We were able to identify modifications that greatly increase the stability of the model while securing moderate improvement in overall performance. Furthermore, we document the importance of small hyperparameters adjustments versus architectural advantages that could facilitate further experiments with the examined architectures. All-new model components were contributed to the open-source NDN3 package.

Overall, this work grounds previous bio-inspired DNN architectures in the modern NDN3 environment, identifying optimal hyper-parametrization of the model, and thus paving path towards future development of these bio-inspired architectures.

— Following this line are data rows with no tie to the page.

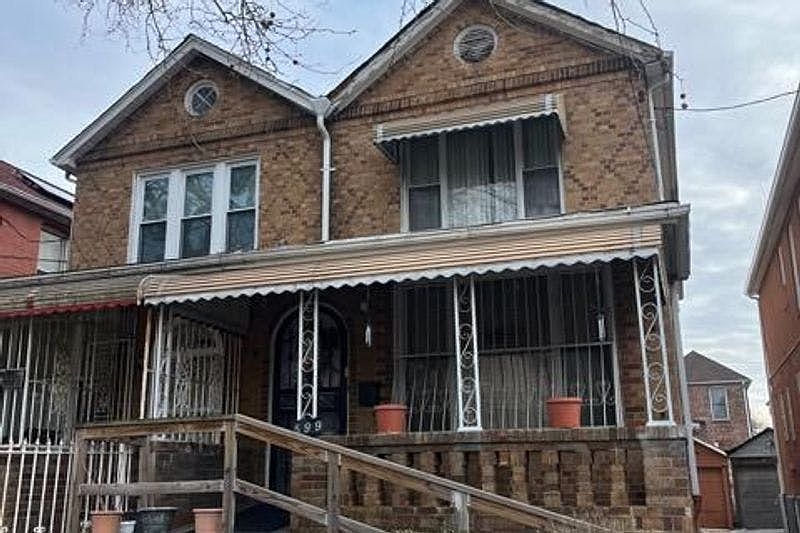 1st image of 599 E 52nd St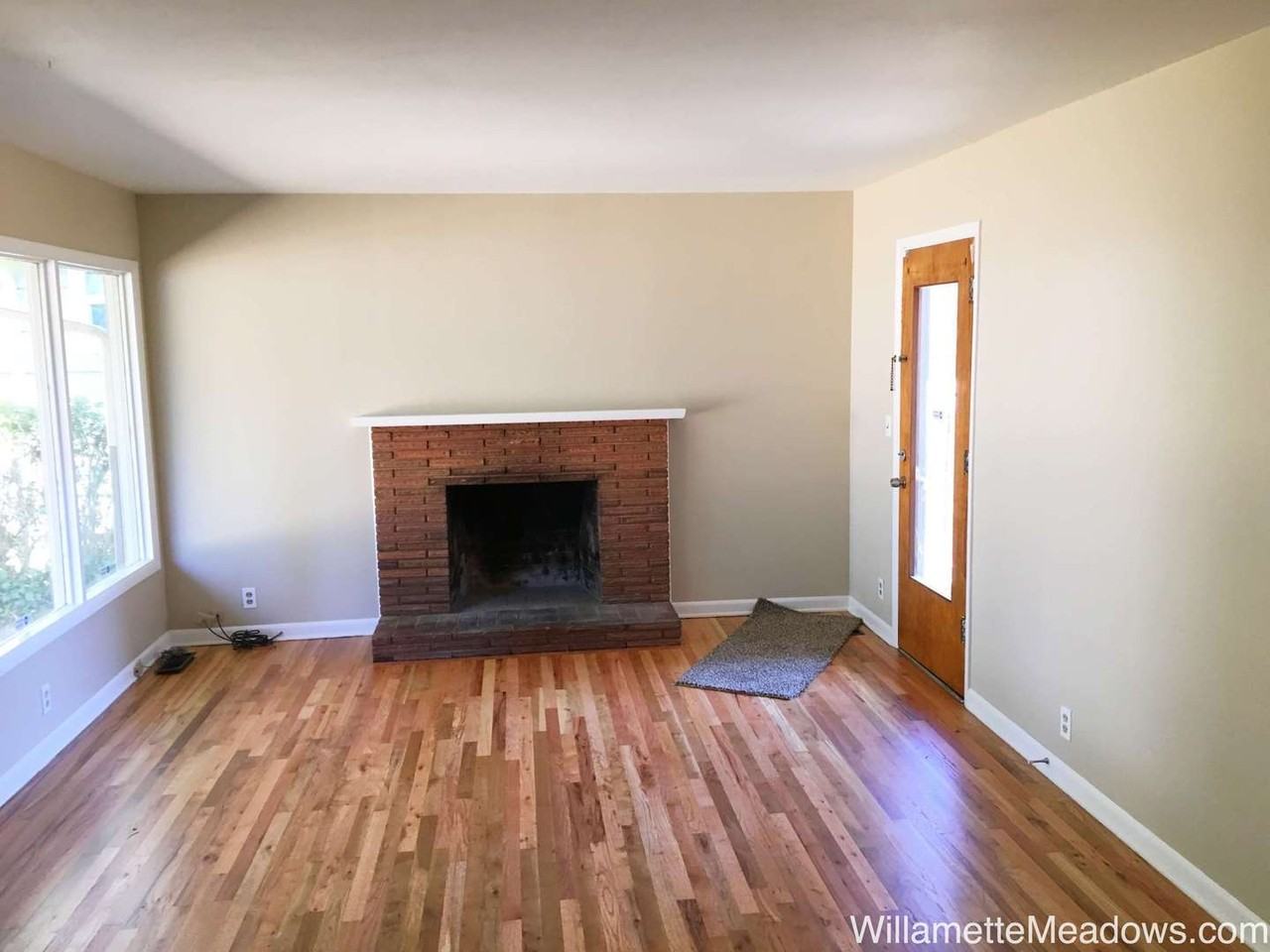 2770 Nola Ave Se - Photo 5 of 31
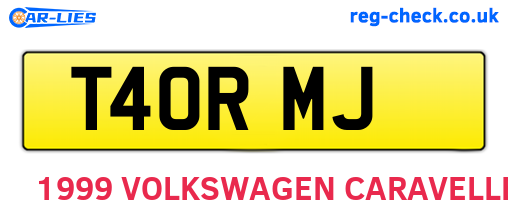 T40RMJ are the vehicle registration plates.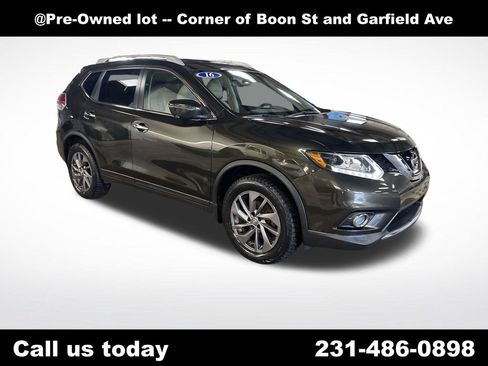 Used 2016 Nissan Rogue SL w/ SL Premium Package AWD/4WD image 7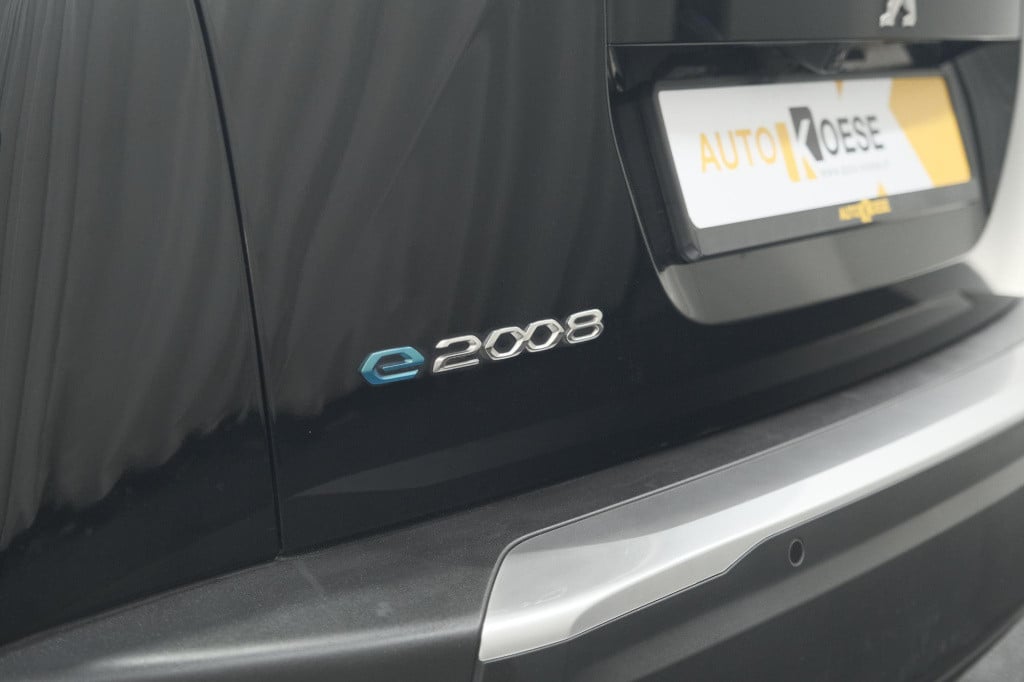 Peugeot E-2008 ev active pack 50 kwh | camera | navigatie | parkeersensoren
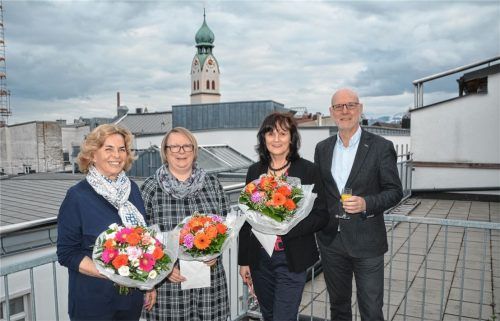 Die Preisträgerinnen Christa Clarin, Ina Hain und Gabriele Greifenstein (von links) mit Chefredakteur Willi Börsch. Foto Geyer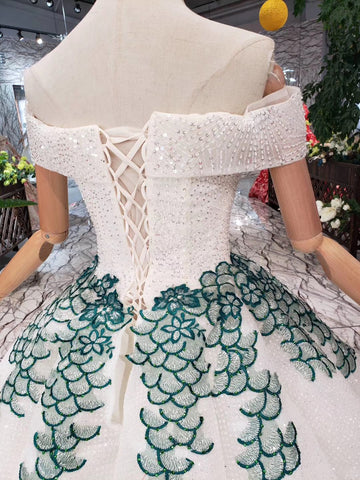products/White_Ball_Gown_Off_the_Shoulder_Beads_Sweetheart_Quinceanera_Dresses_with_Green_PW785-6.jpg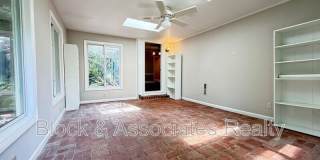 2667 Davis Street Gallery 19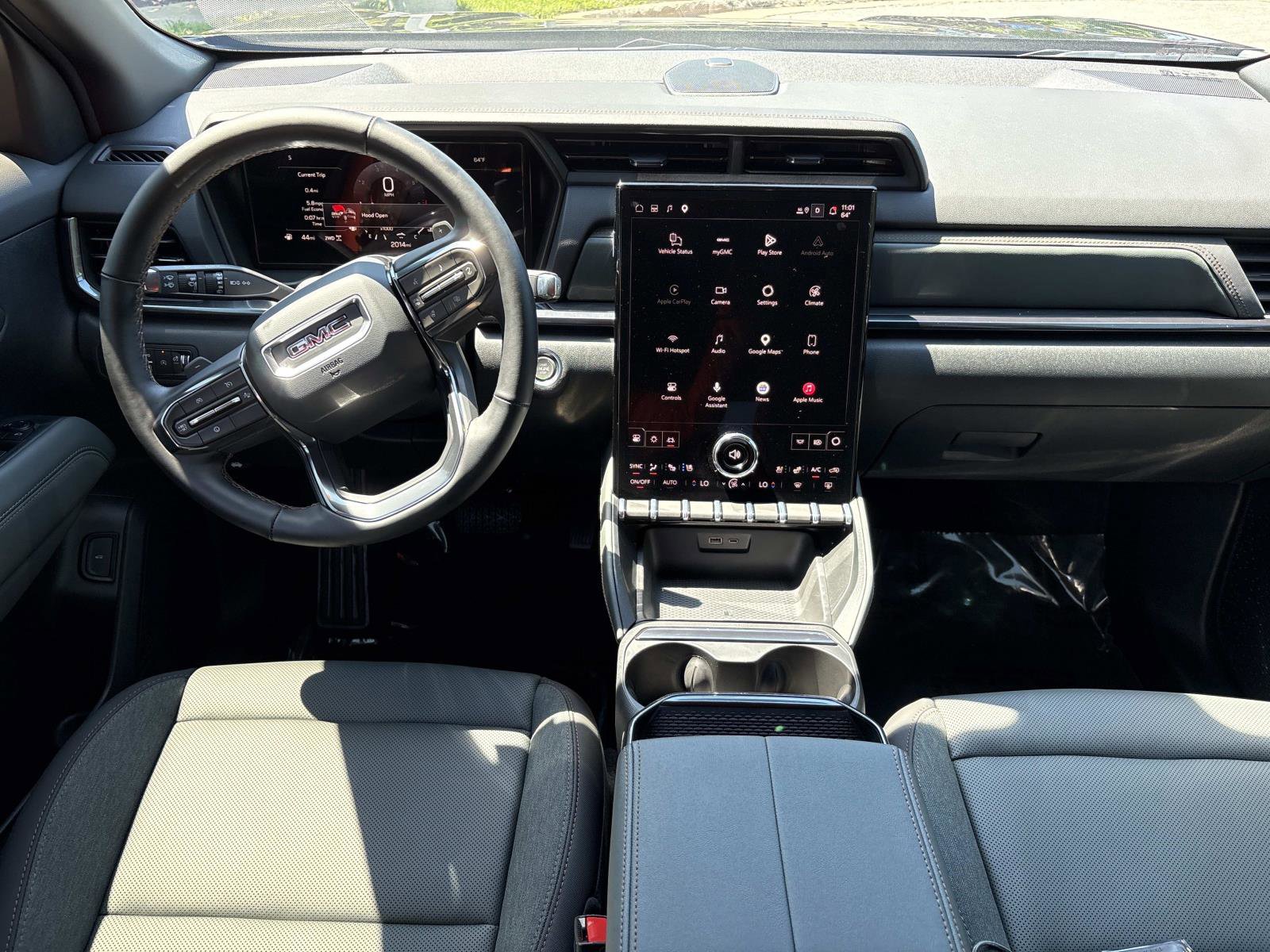 Used 2026 GMC Terrain AT4 w/ Convenience Package III AWD/4WD image 29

0. Hydrate submodules: make NDN3
1. Build virtenv + deps: make env-dev (analysis dev) | make env (just script deps)
2. Activate virtenv: source ./activate
3. Work:
   • Run an experiment: e.g.: python3 experiments/experiments_3/bs4_exp3_runner.py qsub-cpu
   • Run a single experiment instance directly: e.g: python3 ./experiments/baseline/bl1.py
   • Use jupyter notebook for results analysis: jupyter notebook and navigate to ./playgrounds/

Note: If tensorflow-gpu is preferred, please update requirements.txt's first line from -r NDN3/requirements.txt to -r NDN3/requirements-gpu.txt

• Uses data from Model Constrained by Visual Hierarchy Improves Prediction of Neural Responses to Natural Scenes paper.
  • Navigate to Supporting Information.
  • Download the first supplement.
  • Unzip it to ./.

An experiment is a set of tested architectures + hyperparameters.

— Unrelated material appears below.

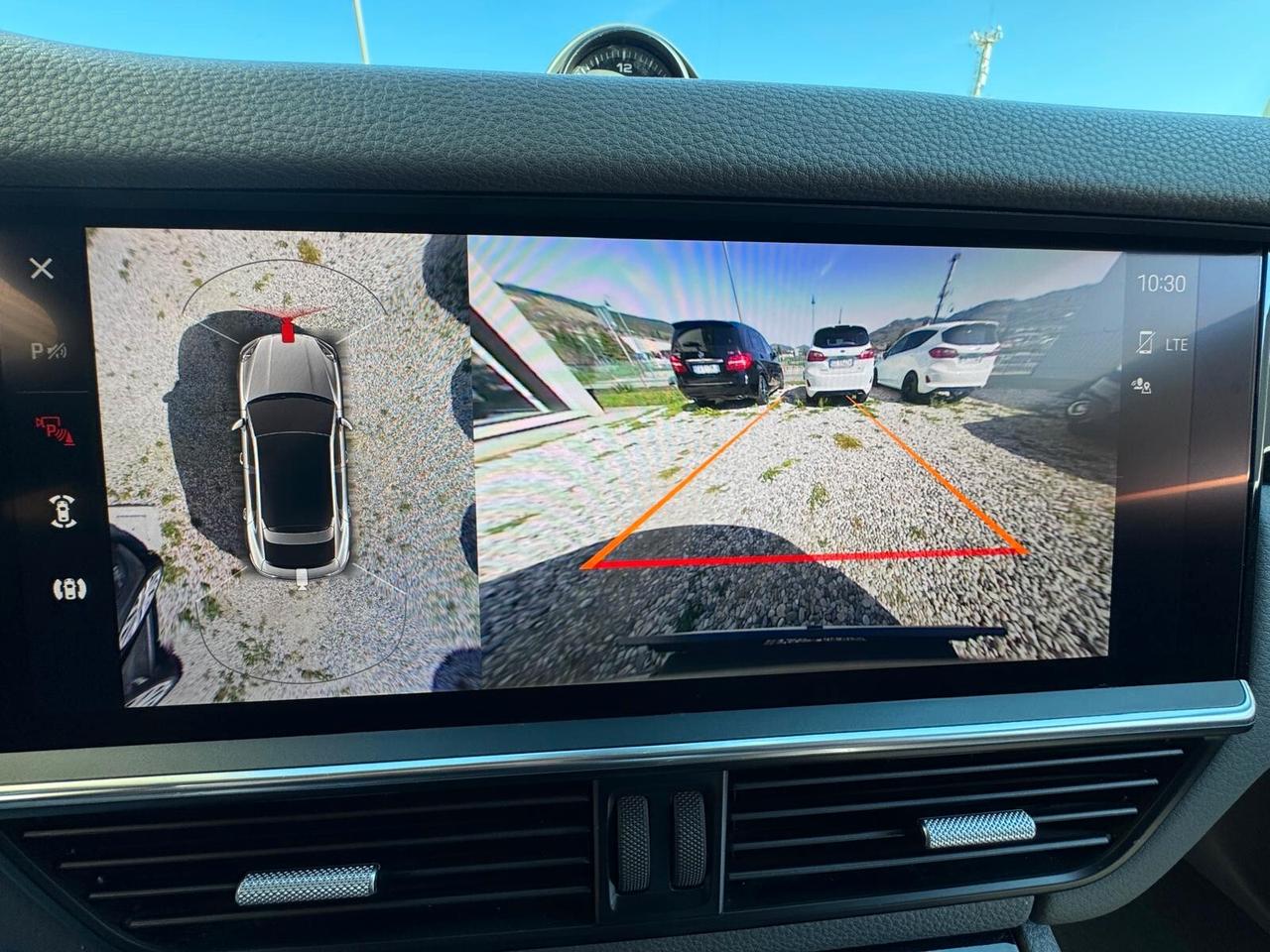 Porsche Cayenne Coupé 3.0 V6 E-Hybrid Platinum Edition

• Identified by {exp} name and {exp_folder} group.
  • Both are used throughout the whole system for scripts discovery, logs naming, ... .
  • {exp_folder} is used just for namespacing experiments, having two {exp}s together in one {exp_folder} versus in separate ones has no impact on their function.
  • {exp} usually in the form of bsX_expY.py: An experiment Y based on baseline X model.
• Single experiment is defined by {exp}.py script and optionally a runner {exp}_runner.py (naming can be arbitrary for runner).
• {exp}.py
  • Defines the architecture and includes all code to instantiate and train the model.
  • Usually trains the same model multiple times (see the loop) to control for random init (repetitions).
  • Sometimes accepts hyperparameters as command line arguments to support testing multiple variations as part of one experiment.
  • To test multiple variations it should be called multiple times with different command line arguments. Each execution with a particular set is called a run.
  • Also defines {name} that shows on logs file paths, etc. Should serve as an human interpretable identifier of both the exp and also the particular run (i.e. encode passed args).
• {exp}_runner.py
  • Runs an experiment through executing the {exp}.py script with all args combinations we want to test. I.e. executes all runs of an experiment.
  • Executes individual runs through environment specific runners. Runs usually work in parallel (e.g. as individual jobs).

In the thesis text repetitions are called runs, and runs are simply experiment instances. The difference in naming is an unfortunate relict of an attempt to have understandable text but also backwards compatible scripts.

• ./Data/region{x}: Used dataset.
• ./experiments/: Experiments scripts.
  • {exp_folder}/{exp}.py: A script defining the architecture of an experiment.
  • {exp_folder}/{exp}_runner.py: A runner script defining which runs (with what parameters) of respective experiment are to be tested.
  • readme.txt: Mapping between experiments as described in the thesis text and their implementation in this repository.
• ./NDN3/: A git submodule with the used neuroscience focused ML framework.
• ./playgrounds/: Jupyter notebooks containing analysis / figures generation.
• ./training_data/: Data produced by running the experiments.
  • job_logs/{exp_folder}/{exp}/(e|o)_{repetition}.log: Standard output and standard error of experiment runs invoked through runners.
  • logs/{exp_folder}x{run}/{name}__{repetition}/: Tensorflow summaries gathered during training.
  • models/{exp_folder}x{run}/{name}__{repetition}.ndnmod: NDN3 models saved at the end of training.
  • experiments.txt: A list of finished {exp_folder}/{exp}/{name}s.
• ./utils/: Various helper utilities.
  • analysis_*: Analysis utilities.
  • runners.py: Experiments execution pipeline.

Note: This is not a software engineering thesis and so the focus was not on creating a properly extensible and maintainable experiments pipeline.

The ./NDN3 submodule tracks a messyDevelop branch of my own fork of the framework. It corresponds to main repo's master with a few additional patches that have not yet been or will never be merged upstream. The patches are simple and so it should be relatively easy to keep the fork up-to-date and regularly merge in upstream changes.

• Added correlation tracking during training to TF summaries (PR #16, reasons for it not being merged).
• Proper last partial batch handling, partial batches are ignored in upstream (not merged because it breaks certain data pipelines).
• (Possibly) Any other unmerged PRs on the NeuroTheoryUMD's master.